(What is expected): An exact transcription of all the data is required; the pictures are to be left out.

(Collected material):
-- Opening Marker --

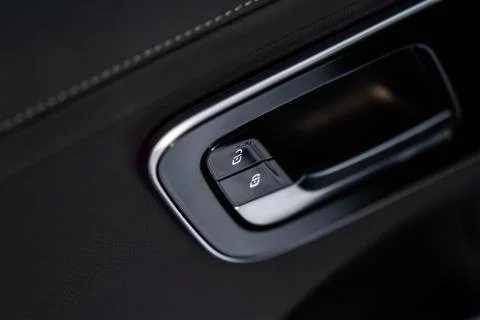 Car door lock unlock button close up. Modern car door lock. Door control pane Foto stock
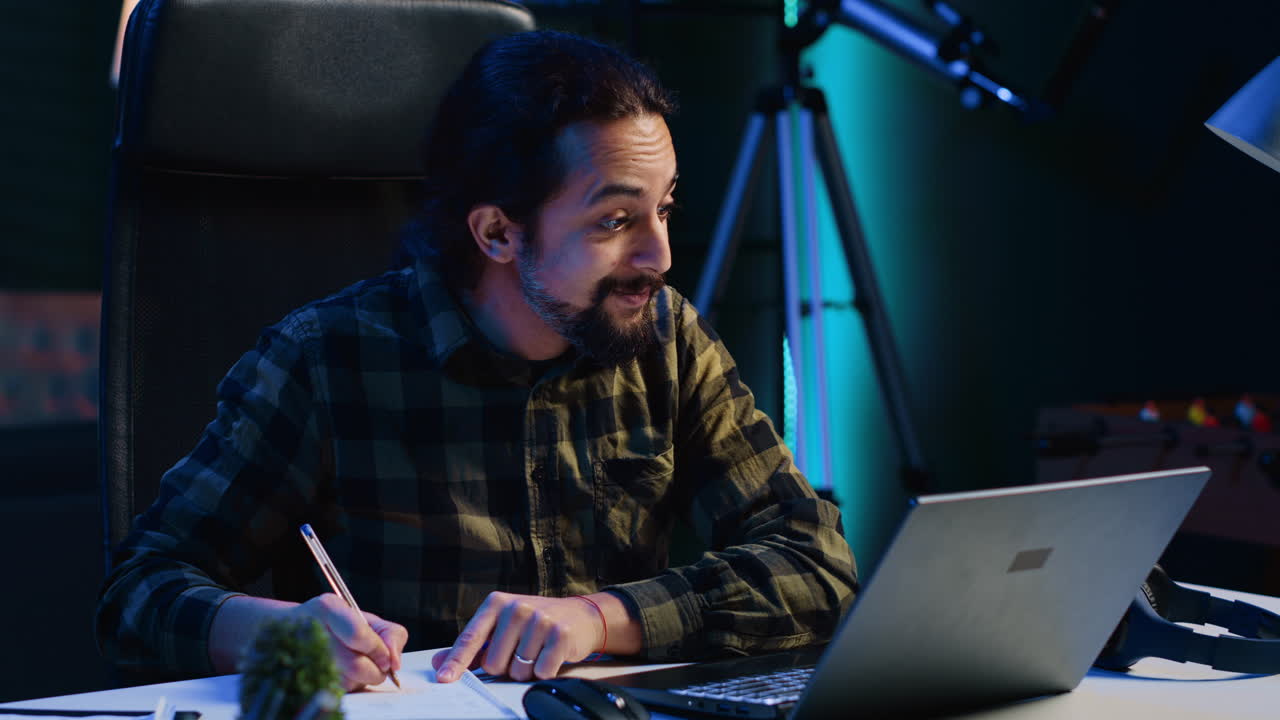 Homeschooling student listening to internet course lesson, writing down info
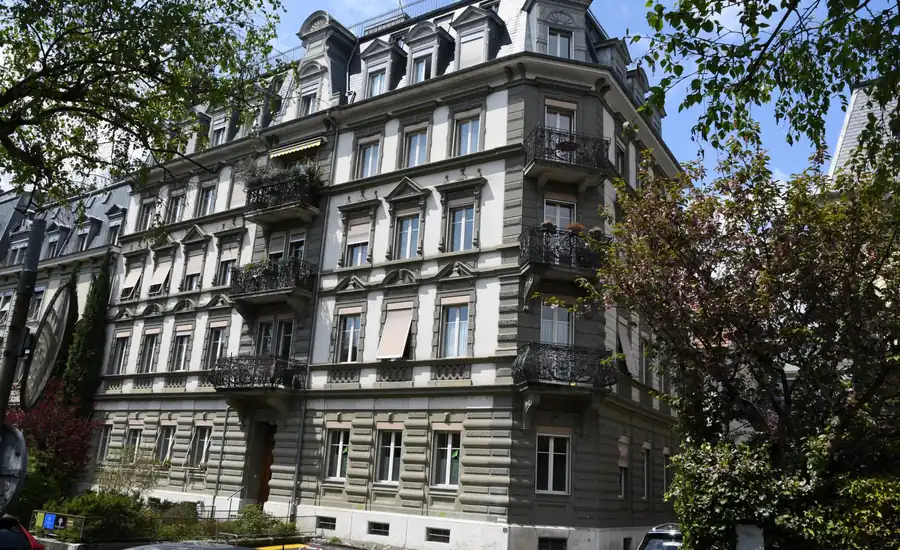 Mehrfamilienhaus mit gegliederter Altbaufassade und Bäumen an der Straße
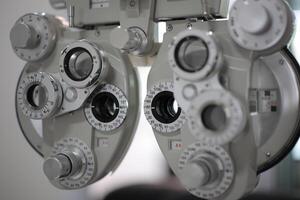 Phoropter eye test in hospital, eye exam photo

-- Closing Marker --

(Answer area):
 Car door lock unlock button close up. Modern car door lock. Door control pane Foto stock
 Homeschooling student listening to internet course lesson, writing down info
 Mehrfamilienhaus mit gegliederter Altbaufassade und Bäumen an der Straße
 Phoropter eye test in hospital, eye exam photo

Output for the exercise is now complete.